Identifiers
- Symbol: Glyco_hydro_15
- Pfam: PF00723
- Pfam clan: CL0059
- SCOP2: 1glm / SCOPe / SUPFAM
- CAZy: GH15

Available protein structures:
- PDB: PF00723 (ECOD; PDBsum)
- AlphaFold: PF00723;

= Glycoside hydrolase family 15 =

In molecular biology, glycoside hydrolase family 15 is a family of glycoside hydrolases.

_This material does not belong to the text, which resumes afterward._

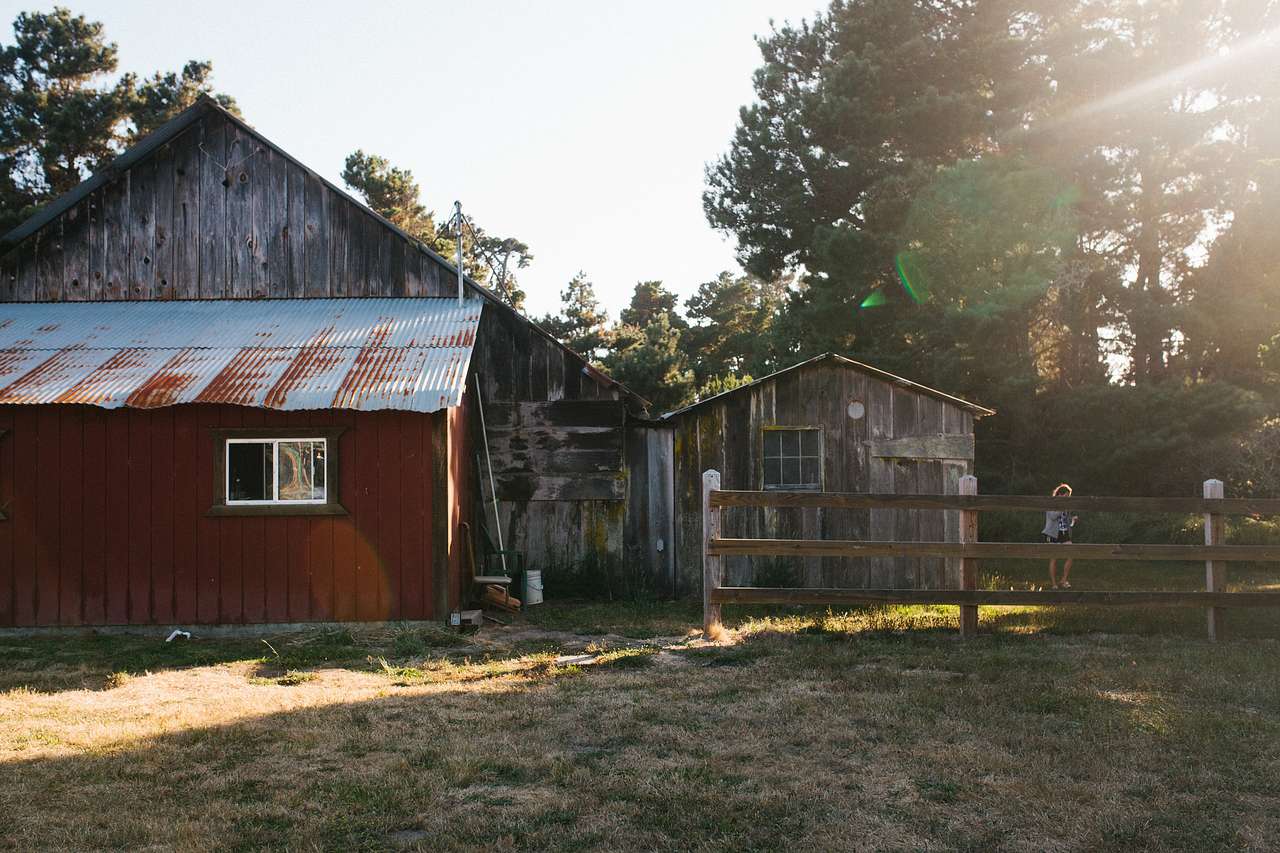 There is a large barn located to the right as you drive onto the property. The owners hosts town events within this space. There's even a horseshoe area!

Glycoside hydrolases are a widespread group of enzymes that hydrolyse the glycosidic bond between two or more carbohydrates, or between a carbohydrate and a non-carbohydrate moiety. A classification system for glycoside hydrolases, based on sequence similarity, has led to the definition of >100 different families. This classification is available on the CAZy web site, and also discussed at CAZypedia, an online encyclopedia of carbohydrate active enzymes.

Glycoside hydrolase family 15 CAZY GH_15 comprises enzymes with several known activities; glucoamylase; alpha-glucosidase; glucodextranase.

Glucoamylase (GA) catalyses the release of D-glucose from the non-reducing ends of starch and other oligo- or poly-saccharides. Studies of fungal GA have indicated 3 closely clustered acidic residues that play a role in the catalytic mechanism. This region is also conserved in a recently sequenced bacterial GA.

The 3D structure of the pseudo-tetrasaccharide acarbose complexed with glucoamylase II(471) from Aspergillus awamori var. X100 has been determined to 2.4A resolution. The protein belongs to the mainly alpha class, and contains 19 helices and 9 strands.